Set-AzContext -SubscriptionId "adae0952-xxxx-xxxx-xxxx-2b8ef42c9bbb"

$RSVaultName = "rsv-us-eus-contoso-asr"

$ASRRecoveryPlanName = "Recover-Domain-Controllers"

$TestFailoverVNetName = "vnet-us-eus-dr"

$vault = Get-AzRecoveryServicesVault -Name $RSVaultName

Set-AzRecoveryServicesAsrVaultContext -Vault $vault

$RecoveryPlan = Get-AzRecoveryServicesAsrRecoveryPlan -FriendlyName $ASRRecoveryPlanName

$TFOVnet = Get-AzVirtualNetwork -Name $TestFailoverVNetName

$TFONetwork= $TFOVnet.Id

#Start test failover of recovery plan

$Job_TFO = Start-AzRecoveryServicesAsrTestFailoverJob -RecoveryPlan $RecoveryPlan -Direction PrimaryToRecovery -AzureVMNetworkId $TFONetwork

do {

$Job_TFOState = Get-AzRecoveryServicesAsrJob -Job $Job_TFO | Select-Object State

Clear-Host

Write-Host "======== Monitoring Failover ========"

Write-Host "Status will refresh every 5 seconds."

try {

    }

catch {

Write-Host -ForegroundColor Red "ERROR - Unable to get status of Failover job"

Write-Host -ForegroundColor Red "ERROR - " + $_

        log "ERROR" "Unable to get status of Failover job"

        log "ERROR" $_

exit

    }

Write-Host "Failover status for $($Job_TFO.TargetObjectName) is $($Job_TFOState.state)"

Start-Sleep 5;

} while (($Job_TFOState.state -eq "InProgress") -or ($Job_TFOState.state -eq "NotStarted"))

if($Job_TFOState.state -eq "Failed"){

Write-host("The test failover job failed.
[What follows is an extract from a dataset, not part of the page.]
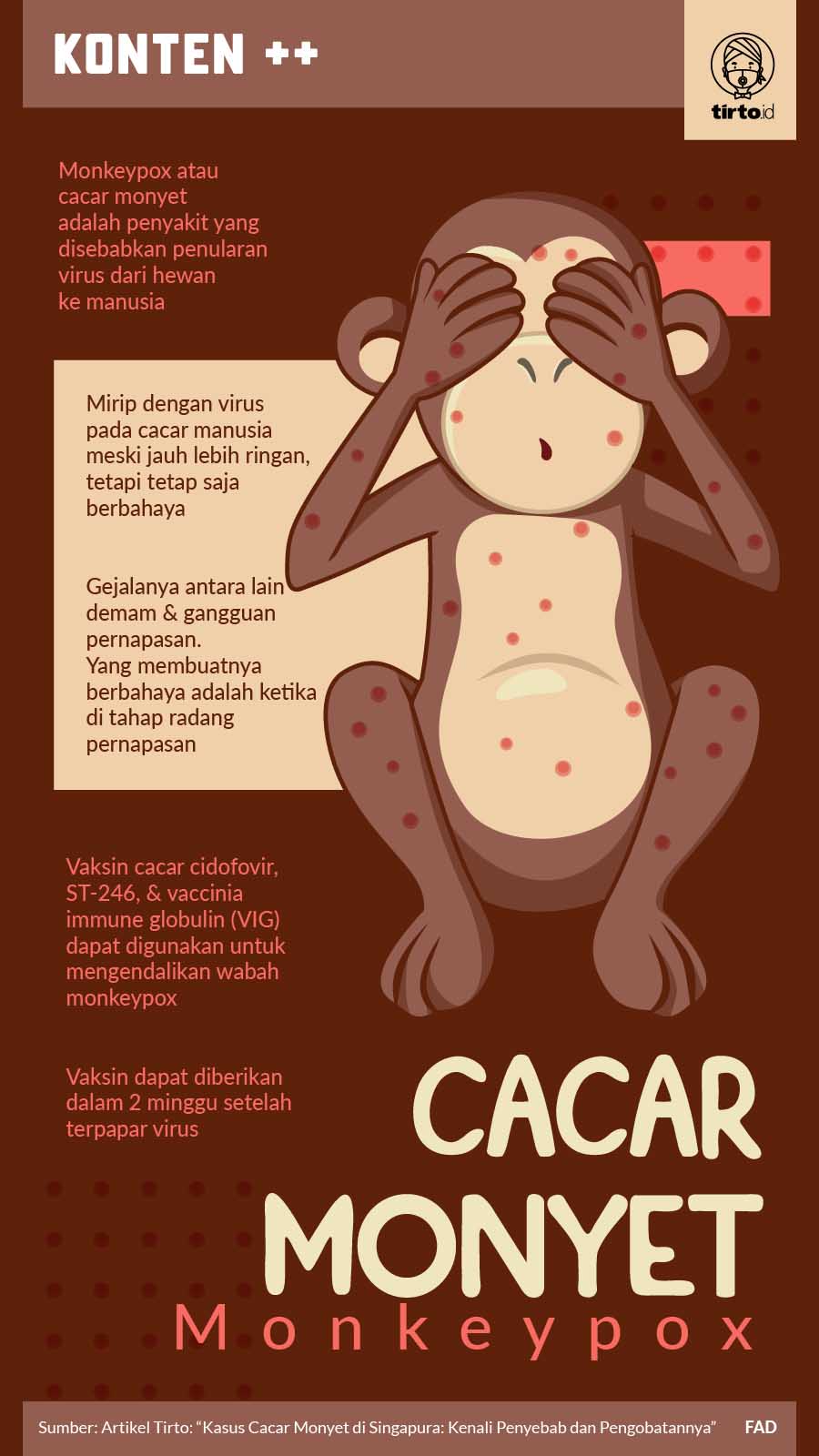 Infografik SC Cacar monyet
Script terminating.")

Exit

}else {

Read-Host -Prompt "Test failover has completed. Please check ASR Portal, test VMs and press enter to perform cleanup..."

#Start test failover cleanup of recovery plan

$Job_TFOCleanup = Start-AzRecoveryServicesAsrTestFailoverCleanupJob -RecoveryPlan $RecoveryPlan -Comment "Testing Completed"

do {

$Job_TFOCleanupState = Get-AzRecoveryServicesAsrJob -Job $Job_TFOCleanup | Select-Object State

Clear-Host

Write-Host "======== Monitoring Cleanup ========"

Write-Host "Status will refresh every 5 seconds."

try {

    }

catch {

Write-Host -ForegroundColor Red "ERROR - Unable to get status of cleanup job"

Write-Host -ForegroundColor Red "ERROR - " + $_

        log "ERROR" "Unable to get status of cleanup job"

        log "ERROR" $_

exit

    }

Write-Host "Cleanup status for $($Job_TFO.TargetObjectName) is $($Job_TFOCleanupState.state)"

Start-Sleep 5;

} while (($Job_TFOCleanupState.state -eq "InProgress") -or ($Job_TFOCleanupState.state -eq "NotStarted"))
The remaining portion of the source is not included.